(Collected data)
"""

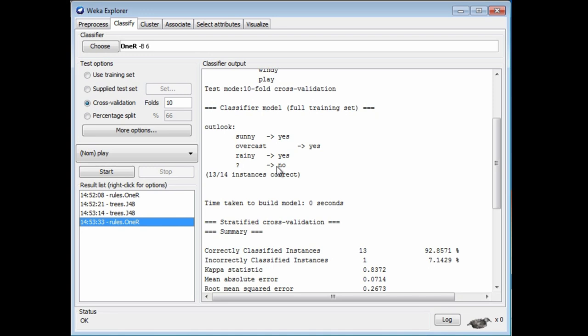Here 1R is using the fact that a value is missing as significant — something you can branch on. Whereas, if you were to look at a J48 tree, it would never have a branch that corresponded to a missing value, so it treats them differently. That's very important to know and remember.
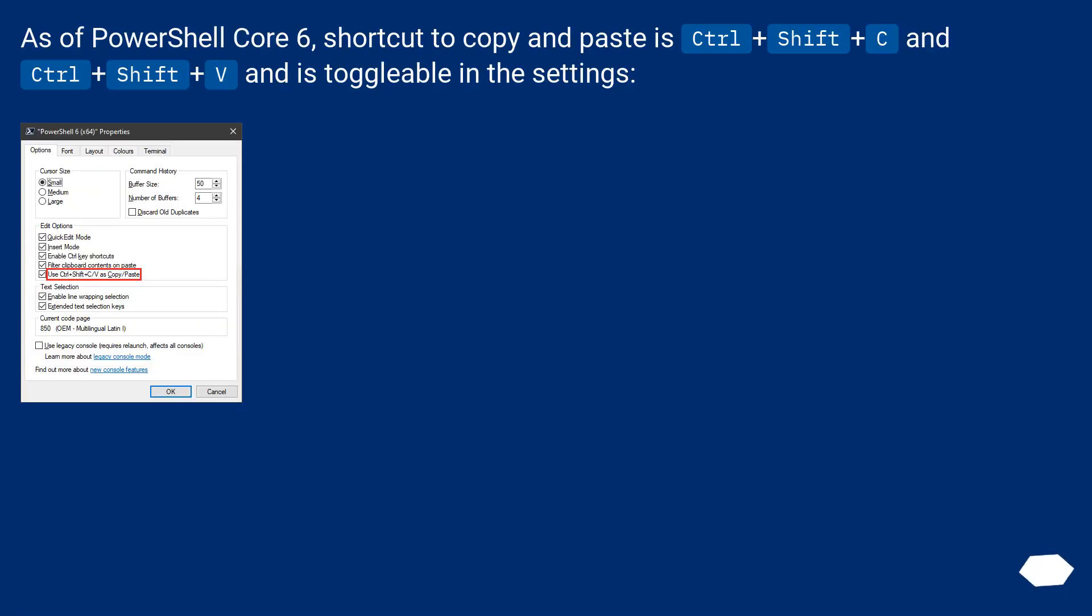As of PowerShell Core 6, shortcut to copy and paste is Control-Shift-C and Control-Shift-V, and is toggleable in the settings.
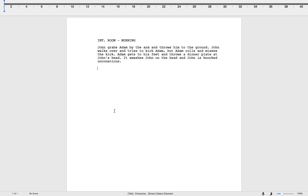Hello everybody and welcome to the next episode of Script Writing for Beginners. This is episode 10 — can you believe it? We've done 10 episodes focusing purely on scripts. We've gone from looking at pages of scripts as well as how to write your own. Being the 10th episode, which is a milestone, I thought why not go back to basics and give you examples of how to write action scenes.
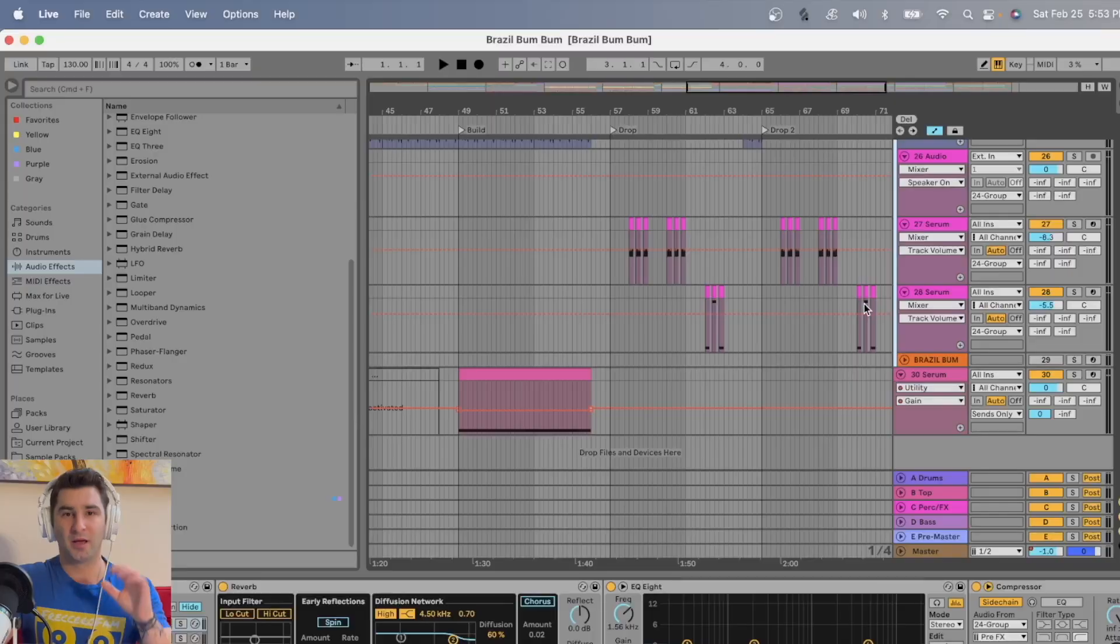In this video, I'm going to show you how to backup your music production project files in Google Drive.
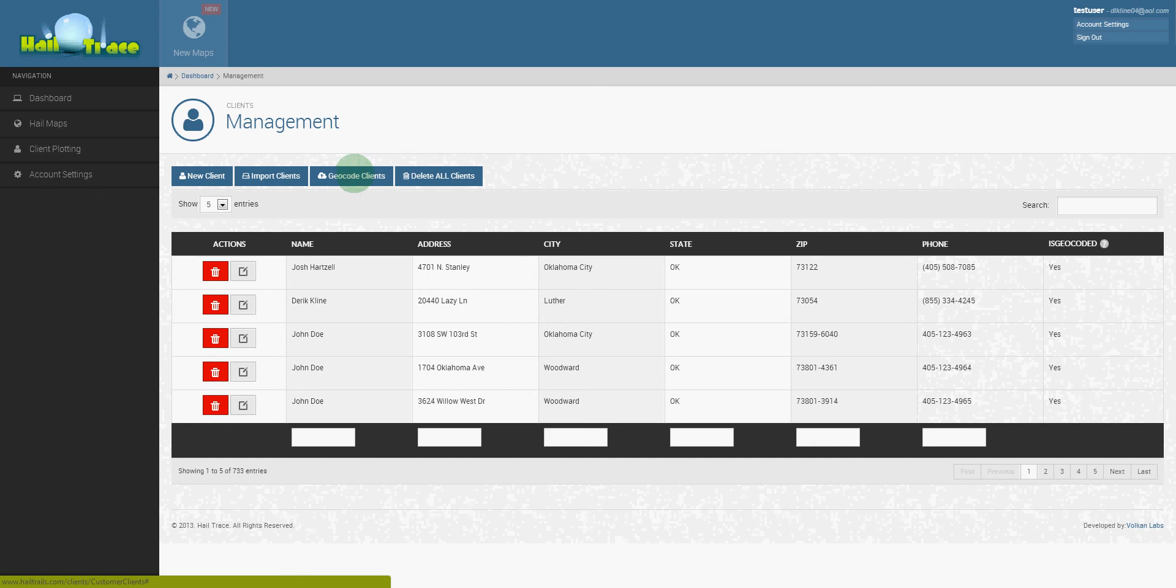It's important to keep in mind that you will be the only one that will have access to this list of clients. None of our customers will have access to it and nor will Helltrace have access to your list of clients. So it's very safe and secure for you to be able to upload your list of clients and track them with our hailstorms.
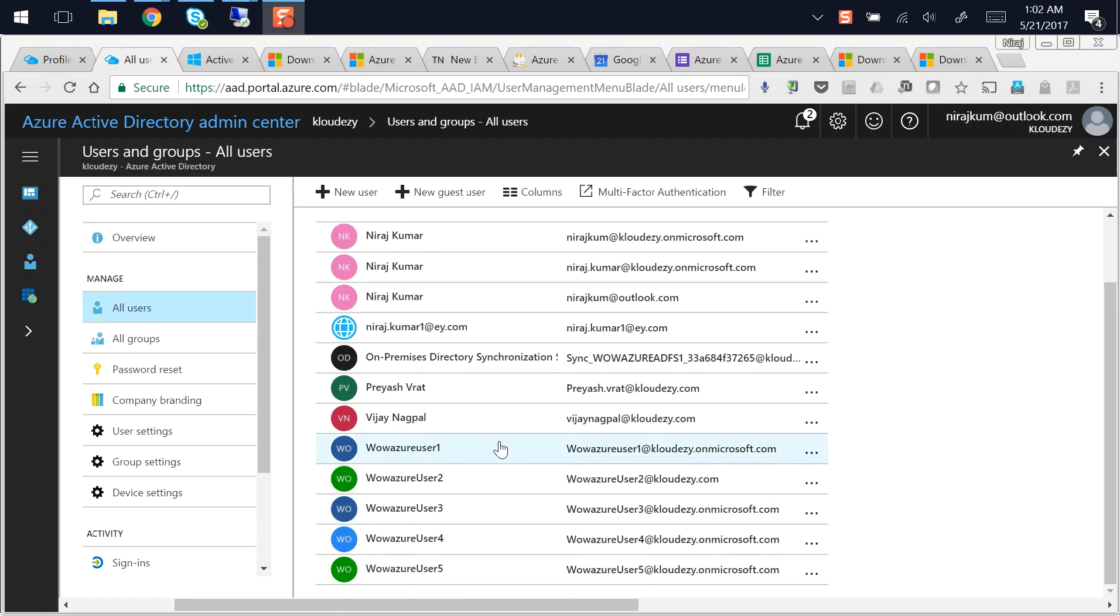Alright guys, so in the previous recording session, you probably have seen that I have set up Azure AD passthrough authentication and I did configure Azure AD connect server and the passthrough connector on the same server.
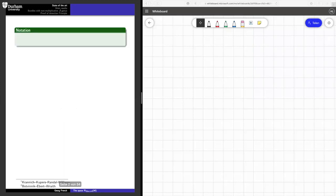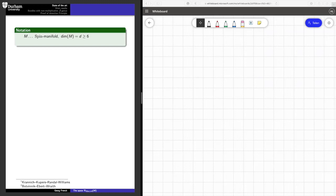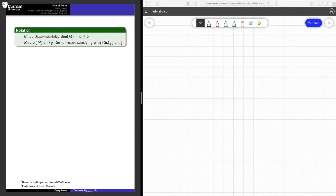Let me start by introducing the notation I will use throughout this talk. Whenever I say M, this will mean a spin manifold, and the dimension will usually be abbreviated by d and will be very high — at least six. R_Ric>0(M) will denote the space of those Riemannian metrics such that the Ricci curvature is strictly greater than zero everywhere.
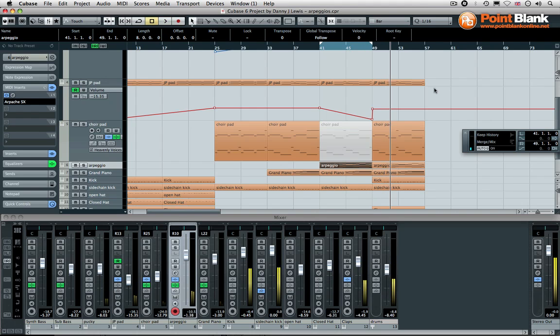As you can hear, the arpeggio in this example really does bring that to life. It's a very handy plugin, particularly for these kinds of riffs, but there are other ways of using it, and we'll be looking at that in another video.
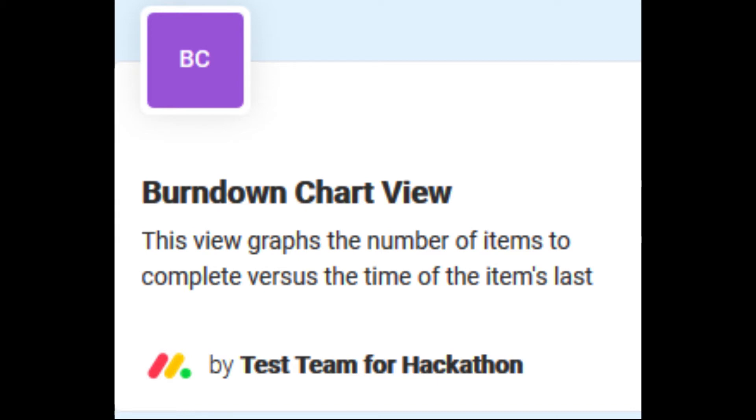Hi. For my Monday.com project, I created a burndown chart view.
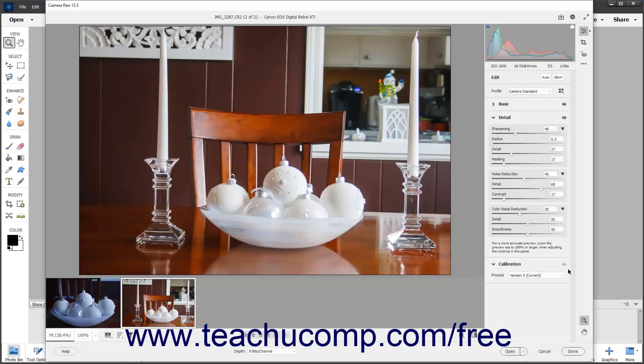To reset any adjustment setting in the Edit panel of the Camera Raw dialog box to its default value, hold down the Alt key on your keyboard, or Option key for Mac, then roll your pointer over the name of the setting to reset, and then click the Reset link that appears where the name of the setting was. If the Reset link doesn't appear, it is because the setting was not changed.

"""

_About this exercise_. The records above are to be copied exactly, without their pictures.

_Answer to this task_.
Here 1R is using the fact that a value is missing as significant — something you can branch on. Whereas, if you were to look at a J48 tree, it would never have a branch that corresponded to a missing value, so it treats them differently. That's very important to know and remember.
As of PowerShell Core 6, shortcut to copy and paste is Control-Shift-C and Control-Shift-V, and is toggleable in the settings.
Hello everybody and welcome to the next episode of Script Writing for Beginners. This is episode 10 — can you believe it? We've done 10 episodes focusing purely on scripts. We've gone from looking at pages of scripts as well as how to write your own. Being the 10th episode, which is a milestone, I thought why not go back to basics and give you examples of how to write action scenes.
In this video, I'm going to show you how to backup your music production project files in Google Drive.
It's important to keep in mind that you will be the only one that will have access to this list of clients. None of our customers will have access to it and nor will Helltrace have access to your list of clients. So it's very safe and secure for you to be able to upload your list of clients and track them with our hailstorms.
Alright guys, so in the previous recording session, you probably have seen that I have set up Azure AD passthrough authentication and I did configure Azure AD connect server and the passthrough connector on the same server.
Let me start by introducing the notation I will use throughout this talk. Whenever I say M, this will mean a spin manifold, and the dimension will usually be abbreviated by d and will be very high — at least six. R_Ric>0(M) will denote the space of those Riemannian metrics such that the Ricci curvature is strictly greater than zero everywhere.
As you can hear, the arpeggio in this example really does bring that to life. It's a very handy plugin, particularly for these kinds of riffs, but there are other ways of using it, and we'll be looking at that in another video.
Hi. For my Monday.com project, I created a burndown chart view.
To reset any adjustment setting in the Edit panel of the Camera Raw dialog box to its default value, hold down the Alt key on your keyboard, or Option key for Mac, then roll your pointer over the name of the setting to reset, and then click the Reset link that appears where the name of the setting was. If the Reset link doesn't appear, it is because the setting was not changed.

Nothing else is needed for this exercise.